Now you make it FAST and prove it. This phase is the engineer's loop: measure (TTFT, ITL, throughput) with the right tools, find the bottleneck (CPU launch? memory? a kernel?), turn the right knob (batch size, token budget, memory utilization, graphs, quant), and re-measure. It's the meta-skill that ties phases 2–17 together.

Why this phase matters

This is the daily job of a staff inference engineer and the thing startups live or die on (cost/token). Being able to read a profile, reason with a roofline, and tune vLLM's knobs methodically is what separates senior from staff.

What you'll learn

Metrics that matter: throughput (tok/s), TTFT, ITL/TPOT, goodput, latency percentiles
Little's Law and how batch size, arrival rate, and latency relate
The roofline model: compute-bound vs memory-bound; arithmetic intensity
Profiling: the torch profiler, Nsight Systems, and vLLM's own metrics
The knobs: max_num_seqs, max_num_batched_tokens, gpu_memory_utilization, enable_chunked_prefill, CUDA graphs, quant, spec decode
Benchmarking properly: vllm bench, warmup, steady state, fair comparisons

The map: where this lives in the real code

Open these in upstream/ (pinned to v0.22.1 @ 0decac0, see UPSTREAM_PIN.md). The deep-dive (01-deep-dive.md) walks through the important ones line by line.
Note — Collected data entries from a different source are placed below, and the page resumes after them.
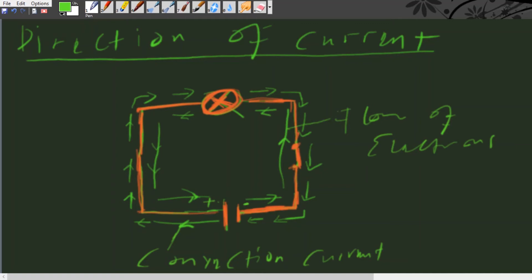Regarding the direction of current: before electrons were discovered, it was assumed that current was the flow of positive charges, meaning movement from positive to negative. After electrons were discovered, we now know that current is the flow of negative charges.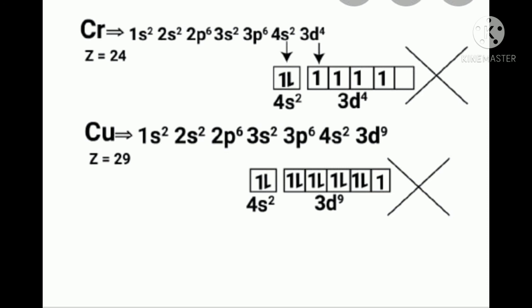Second reason: greater exchange energy. This is a quantum mechanical concept. Electrons with parallel spins in a given sub-level can exchange their positions mutually. In this process, some energy is released, which is called exchange energy.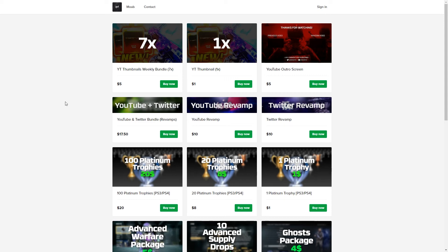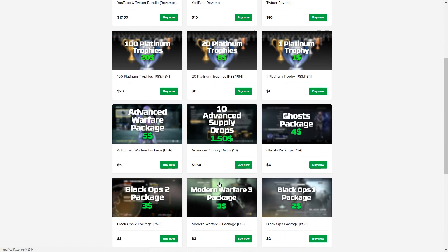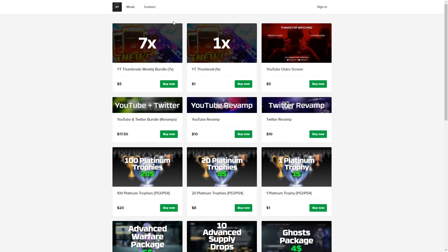If you guys would like some cheap graphics or stuff unlocked in mini Call of Duties, check out my bro's website and use code DARKNESS for 5% off.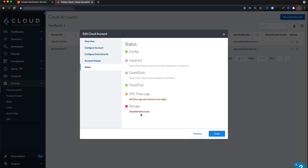If you have completed the onboarding of your cloud account with the data security feature enabled and the connection to storage has failed with unauthorized access, you may have specified the incorrect SNS topic name during the onboarding.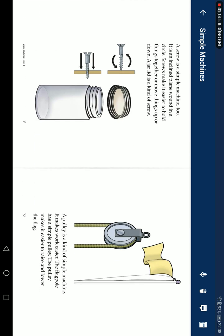A screw is a simple machine too. It is an inclined plane wrapped around a circle. Screws make it easier to hold things together or move things up or down. A jar lid is a kind of screw.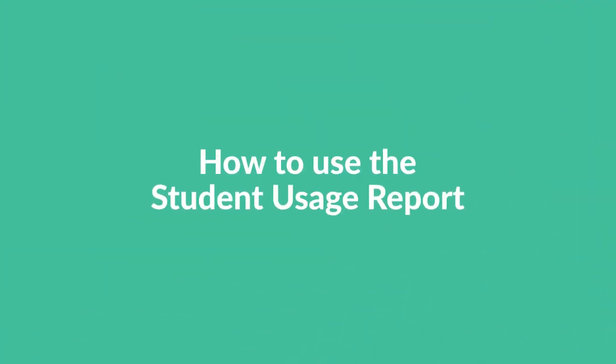Hi teachers, in this video we're going to show you the student usage report and the different ways you can use it for your class. Let's get started.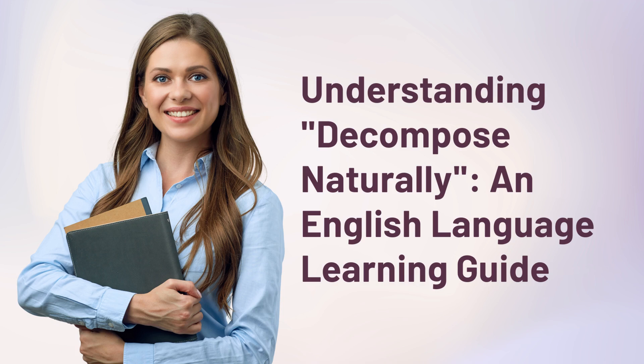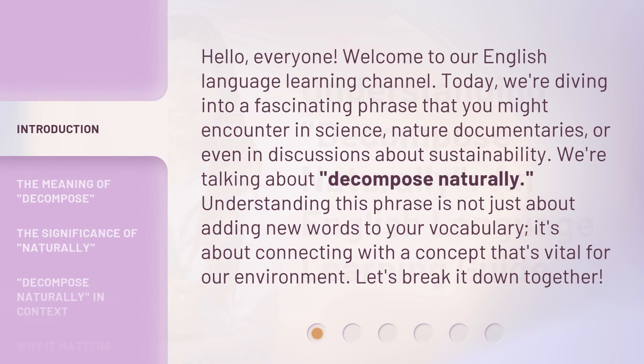Understanding Decompose Naturally, an English Language Learning Guide. Hello everyone, welcome to our English Language Learning Channel. Today we're diving into a fascinating phrase that you might encounter in science, nature documentaries, or even in discussions about sustainability. We're talking about 'decompose naturally.' Understanding this phrase is not just about adding new words to your vocabulary. It's about connecting with a concept that's vital for our environment. Let's break it down together.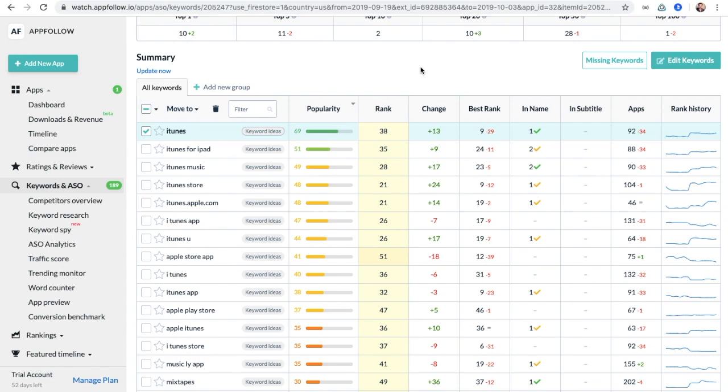Finding and analyzing keywords will help you arrange an effective semantic core, attract new users and traffic, that will afterwards lead to more downloads and revenue increase.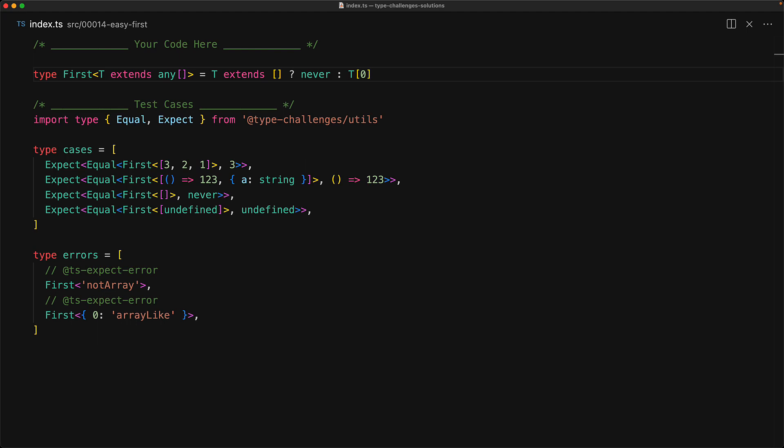And with this, all of the cases are handled. We make sure that we only accept arrays, make sure if it extends an empty tuple we return never, otherwise return t of zero using a lookup type.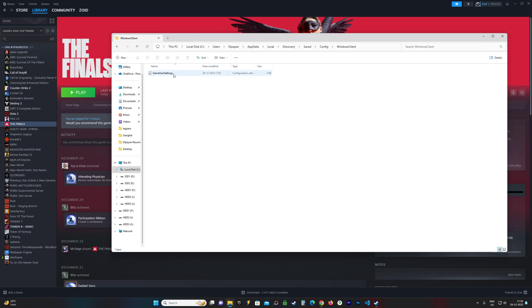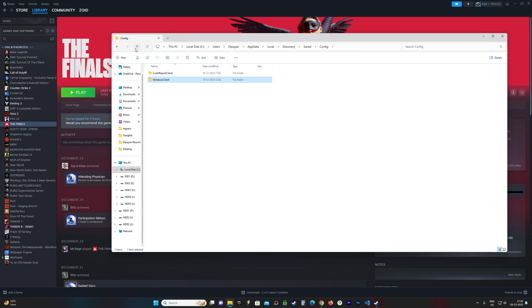Now, one important thing I want to tell you is make sure you get a backup of these two files, the config and the save files, because in case anything messes up, you can just restore them.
benchmarks/ — The benchmark suite (throughput, latency, serving).
vllm/benchmarks/ — The 'vllm bench' implementation.
vllm/v1/metrics/ — The metrics/stats the engine exposes (Prometheus + logging).
vllm/v1/metrics/stats.py — SchedulerStats / IterationStats: what's measured each step.
vllm/config/scheduler.py — The tuning knobs and their defaults/semantics.

Labs in this phase

lab-01-tune-the-knobs [CPU-OK] — build the full tuning loop on mini_vllm: arrival schedules (queueing enters the course), TTFT/spike/steps metrics, and an SLO-constrained grid search that refuses impossible SLOs — with two measured surprises about the chunk threshold.
lab-02-benchmark-real-vllm [GPU-OPT] — the same loop with wall-clocks: vllm bench serve sweeps, the rate-sweep knee found first, percentiles everywhere, and the one-page tuning report as the deliverable. Captured numbers included.

See labs/README.md for how to run them.

How to work this phase

Read this guide for intuition.
Read 01-deep-dive.md with the upstream/ files open.
Do 02-mini-build.md — build the mini_vllm piece yourself.
Run the labs, then attempt EXERCISES.md.
Self-test with INTERVIEW.md; keep CHEATSHEET.md handy.

Where you are

This is one of the scaffolded phases: the guide, anchors, labs, exercises, and interview prompts are real and ready to study. The fully-worked, line-by-line treatment (with starter/ solution/test code in every lab) follows the gold-standard set by the flagship phases — Phase 02 · PagedAttention and Phase 03 · Continuous Batching. Use those two as the template for the depth to bring here.